If the first proposal is eventually adopted, it means the hearing for the second redelineation proposal has been in vain. But, as the first proposal is more favourable to the BN than the second one, BN is willing to hold back the election until the Parliament has adopted the report.

The opposition and NGOs are still working very hard to try to block the report through legal means. The court must make a verdict within days, or it will be an act of contempt if the Parliament is debating the bill while the court is still hearing the case.

To BN, the election must be held very soon and any further delay beyond the Muslim fasting month which will start on May 16, will significantly increase its risks, as Anwar Ibrahim will be released soon.

BN has several other missions to be completed before the election can be called, i.e. getting the supplementary supply bill passed on March 26 and 27 while Dewan Negara sitting is brought forward to March 26, meaning the supplementary supply bill can be submitted to the Dewan Negara as soon as it is passed.

If the bill for additional RM7.1 billion allocation is not passed, 16 government departments and institutions will be short of cash, and the EC will not have the fund to hold the general elections.

Even if the anti-fake news bill is also tabled in the Parliament, it may be too late to be effectively applied before GE14.

 
 

The next two weeks will be the most crucial moments, and BN leaders must make sure Dewan Rakyat will pass the redelineation report so that the Parliament can be dissolved in the first week of April.

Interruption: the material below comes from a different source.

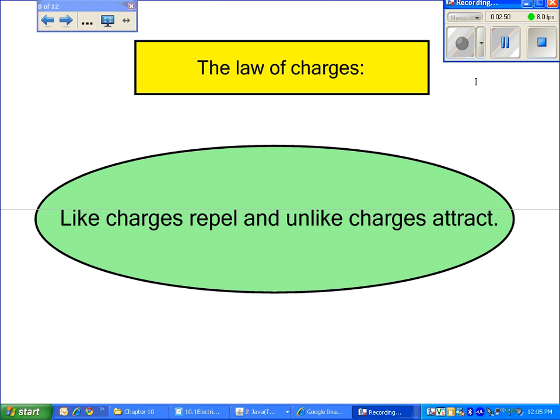Before we go too much further, let's talk a little bit about the law of charges. Whenever we have like charges, they tend to repel each other, and unlike charges tend to attract.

Rushing everything in the last minute will give BN very little time to settle any differences that may arise among the component parties as a consequence of the redelineation.

Rushing through the redelineation report without unveiling the details earlier may result in many voters unsure of their polling stations.

Moreover, as DAP's MP for Sandakan Stephen Wong has said, while the Sabah state assembly has approved the addition of 13 state assembly seats, the redelineation report does not include the state of Sabah, meaning the state will still have 60 seats, and this may spark a constitutional crisis.

GE14 may go down the nation's electoral history as the one with the most number of complaints, including those about locations of poling stations and constitutional issues, among others.

Much time has been spent on the preparation for the election, but with so many things packed within such a short time, commotion and controversies may surface.

The writer comments regularly on Malaysian affairs. Sin Chew Daily is a member of The Straits Times media partner Asia News Network, an alliance of 23 news media entities.